27 Luglio 2026
18:17
Sogeri mette in guardia i cittadini: “L’acqua è sicura. Attenti a false informazioni sui PFAS per vendere filtri”
PROVINCIA DI ALESSANDRIA – L’acqua distribuita dalla rete idrica gestita da Sogeri è “sicura, potabile e conforme ai parametri previsti dalla normativa, anche quella più recente e rigorosa“. A ribadirlo è la stessa società dopo le segnalazioni, già denunciate dal sindaco di Montecastello Gianluca Penna, relative a persone che avrebbero diffuso informazioni allarmistiche e non veritiere su una presunta contaminazione da PFAS per proporre successivamente la vendita di filtri e depuratori domestici.
L’azienda precisa di non aver incaricato alcun soggetto di effettuare controlli nelle abitazioni né di promuovere la vendita di apparecchiature per il trattamento dell’acqua.

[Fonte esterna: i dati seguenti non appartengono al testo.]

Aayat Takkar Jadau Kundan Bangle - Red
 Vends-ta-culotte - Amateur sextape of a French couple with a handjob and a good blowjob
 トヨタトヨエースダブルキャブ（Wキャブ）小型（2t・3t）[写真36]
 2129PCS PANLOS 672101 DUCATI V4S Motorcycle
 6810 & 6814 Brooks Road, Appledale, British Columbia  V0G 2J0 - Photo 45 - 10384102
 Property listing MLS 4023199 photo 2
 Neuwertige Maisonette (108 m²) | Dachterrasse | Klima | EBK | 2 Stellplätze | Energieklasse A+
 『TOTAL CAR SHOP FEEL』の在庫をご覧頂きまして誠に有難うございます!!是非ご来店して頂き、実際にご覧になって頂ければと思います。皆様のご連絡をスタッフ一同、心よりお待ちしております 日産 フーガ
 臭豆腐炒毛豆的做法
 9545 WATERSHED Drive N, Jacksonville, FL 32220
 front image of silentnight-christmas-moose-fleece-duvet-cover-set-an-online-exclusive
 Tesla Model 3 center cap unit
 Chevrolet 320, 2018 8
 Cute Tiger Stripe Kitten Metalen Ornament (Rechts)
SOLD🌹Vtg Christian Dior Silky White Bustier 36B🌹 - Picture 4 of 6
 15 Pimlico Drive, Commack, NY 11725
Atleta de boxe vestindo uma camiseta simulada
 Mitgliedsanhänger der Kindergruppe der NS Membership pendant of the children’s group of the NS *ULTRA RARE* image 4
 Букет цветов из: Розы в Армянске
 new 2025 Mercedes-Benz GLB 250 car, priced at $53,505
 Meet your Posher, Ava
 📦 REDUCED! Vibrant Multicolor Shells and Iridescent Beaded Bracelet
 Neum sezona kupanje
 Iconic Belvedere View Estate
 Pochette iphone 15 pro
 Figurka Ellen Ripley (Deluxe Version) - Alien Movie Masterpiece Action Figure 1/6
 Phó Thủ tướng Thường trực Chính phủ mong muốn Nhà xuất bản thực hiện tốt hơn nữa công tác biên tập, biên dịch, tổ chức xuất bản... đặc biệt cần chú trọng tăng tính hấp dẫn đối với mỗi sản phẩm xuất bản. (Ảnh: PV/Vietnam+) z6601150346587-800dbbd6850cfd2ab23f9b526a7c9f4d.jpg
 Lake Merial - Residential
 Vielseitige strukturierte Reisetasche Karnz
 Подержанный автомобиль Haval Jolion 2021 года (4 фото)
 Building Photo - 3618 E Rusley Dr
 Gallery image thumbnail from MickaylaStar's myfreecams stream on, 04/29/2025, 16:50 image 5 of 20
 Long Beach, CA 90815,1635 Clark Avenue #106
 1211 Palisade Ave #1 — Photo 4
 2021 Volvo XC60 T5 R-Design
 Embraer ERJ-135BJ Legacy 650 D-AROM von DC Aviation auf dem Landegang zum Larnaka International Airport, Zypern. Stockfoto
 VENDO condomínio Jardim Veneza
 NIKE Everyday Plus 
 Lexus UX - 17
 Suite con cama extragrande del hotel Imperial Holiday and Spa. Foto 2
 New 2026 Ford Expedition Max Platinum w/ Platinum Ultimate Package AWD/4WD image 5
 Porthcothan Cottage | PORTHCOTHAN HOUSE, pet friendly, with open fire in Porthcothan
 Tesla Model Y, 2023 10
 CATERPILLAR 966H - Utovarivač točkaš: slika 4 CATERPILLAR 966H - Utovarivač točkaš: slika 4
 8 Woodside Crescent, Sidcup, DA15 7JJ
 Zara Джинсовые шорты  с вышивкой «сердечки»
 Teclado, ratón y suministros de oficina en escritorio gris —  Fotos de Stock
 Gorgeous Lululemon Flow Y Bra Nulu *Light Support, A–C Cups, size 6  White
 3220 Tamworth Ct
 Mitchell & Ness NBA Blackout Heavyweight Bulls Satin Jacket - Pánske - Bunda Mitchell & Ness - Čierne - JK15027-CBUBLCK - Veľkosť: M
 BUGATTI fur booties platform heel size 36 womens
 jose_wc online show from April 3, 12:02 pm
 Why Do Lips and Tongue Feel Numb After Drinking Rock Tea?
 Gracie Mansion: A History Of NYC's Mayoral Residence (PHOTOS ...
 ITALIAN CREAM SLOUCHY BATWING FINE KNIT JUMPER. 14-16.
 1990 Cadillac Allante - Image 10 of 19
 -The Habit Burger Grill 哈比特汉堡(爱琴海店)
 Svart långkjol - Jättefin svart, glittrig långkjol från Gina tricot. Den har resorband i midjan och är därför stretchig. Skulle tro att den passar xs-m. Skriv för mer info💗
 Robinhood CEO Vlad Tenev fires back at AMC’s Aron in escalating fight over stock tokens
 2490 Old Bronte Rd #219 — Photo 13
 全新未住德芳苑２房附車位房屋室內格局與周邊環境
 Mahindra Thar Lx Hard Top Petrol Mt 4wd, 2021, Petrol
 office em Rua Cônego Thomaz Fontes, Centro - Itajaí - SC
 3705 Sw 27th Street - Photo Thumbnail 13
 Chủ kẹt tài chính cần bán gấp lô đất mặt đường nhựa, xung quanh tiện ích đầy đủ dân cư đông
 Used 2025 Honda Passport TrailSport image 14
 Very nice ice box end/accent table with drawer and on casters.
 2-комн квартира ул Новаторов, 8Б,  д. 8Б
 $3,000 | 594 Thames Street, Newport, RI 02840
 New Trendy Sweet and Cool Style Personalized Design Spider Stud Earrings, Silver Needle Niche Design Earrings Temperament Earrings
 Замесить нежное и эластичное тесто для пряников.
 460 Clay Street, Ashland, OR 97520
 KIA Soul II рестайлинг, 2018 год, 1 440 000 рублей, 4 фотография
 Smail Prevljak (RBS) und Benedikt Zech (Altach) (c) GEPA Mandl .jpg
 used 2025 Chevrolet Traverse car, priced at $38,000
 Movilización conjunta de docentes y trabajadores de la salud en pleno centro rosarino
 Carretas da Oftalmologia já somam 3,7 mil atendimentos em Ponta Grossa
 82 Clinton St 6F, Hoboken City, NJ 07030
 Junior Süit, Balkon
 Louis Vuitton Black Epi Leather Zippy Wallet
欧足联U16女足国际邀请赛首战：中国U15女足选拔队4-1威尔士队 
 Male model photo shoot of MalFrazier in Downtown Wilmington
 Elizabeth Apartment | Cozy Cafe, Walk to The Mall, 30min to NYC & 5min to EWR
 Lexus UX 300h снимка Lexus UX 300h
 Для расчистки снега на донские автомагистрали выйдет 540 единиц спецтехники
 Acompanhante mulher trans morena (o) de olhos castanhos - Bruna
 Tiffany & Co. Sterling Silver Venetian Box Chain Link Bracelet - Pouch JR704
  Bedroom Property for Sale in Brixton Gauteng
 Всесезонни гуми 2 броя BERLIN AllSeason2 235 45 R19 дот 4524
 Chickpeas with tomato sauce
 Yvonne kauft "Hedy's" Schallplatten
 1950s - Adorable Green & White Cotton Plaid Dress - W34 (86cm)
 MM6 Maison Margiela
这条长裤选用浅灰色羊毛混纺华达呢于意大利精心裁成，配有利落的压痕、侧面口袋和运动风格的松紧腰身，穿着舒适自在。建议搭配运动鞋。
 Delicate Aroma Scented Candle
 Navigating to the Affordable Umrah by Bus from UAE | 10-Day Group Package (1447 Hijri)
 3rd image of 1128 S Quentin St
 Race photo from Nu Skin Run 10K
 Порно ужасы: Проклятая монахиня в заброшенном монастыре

Le più recenti analisi eseguite confermano infatti valori di PFAS inferiori ai limiti stabiliti dalla normativa europea, nazionale e regionale. “La sensibilità dei cittadini rispetto alla qualità dell’acqua è un segnale positivo – afferma il presidente e amministratore delegato di Sogeri, Mauro Bressan – ma è fondamentale che le informazioni si basino su dati verificati e su comunicazioni provenienti da fonti ufficiali. Le analisi disponibili confermano il rispetto dei parametri previsti dalla normativa. Sogeri non ha in alcun modo autorizzato visite porta a porta per effettuare controlli nelle abitazioni o proporre la vendita di filtri e depuratori. Invitiamo quindi la popolazione a diffidare da comunicazioni allarmistiche o iniziative commerciali presentate come attività riconducibili al gestore del servizio idrico”.
Le verifiche effettuate sulle reti di Montecastello, Pietra Marazzi, Alessandria Ovest e Alessandria Est, così come nel restante territorio servito da Sogeri, rientrano nell’ordinaria attività di monitoraggio della qualità dell’acqua. Controlli costanti, svolti anche dall’ASL, che hanno l’obiettivo di verificare nel tempo il rispetto di tutti i parametri previsti dalla legge.
“Sogeri invita i cittadini a diffidare di persone che si presentino come verificatori senza un’identificazione certa e a non firmare contratti sulla base di presunte emergenze riguardanti la qualità dell’acqua”. In caso di comportamenti sospetti o insistenti, l’invito è a rivolgersi alle Forze dell’Ordine o al proprio Comune. Per qualsiasi informazione sul servizio idrico e per verificare l’autenticità di eventuali comunicazioni, l’azienda raccomanda di consultare esclusivamente i canali ufficiali.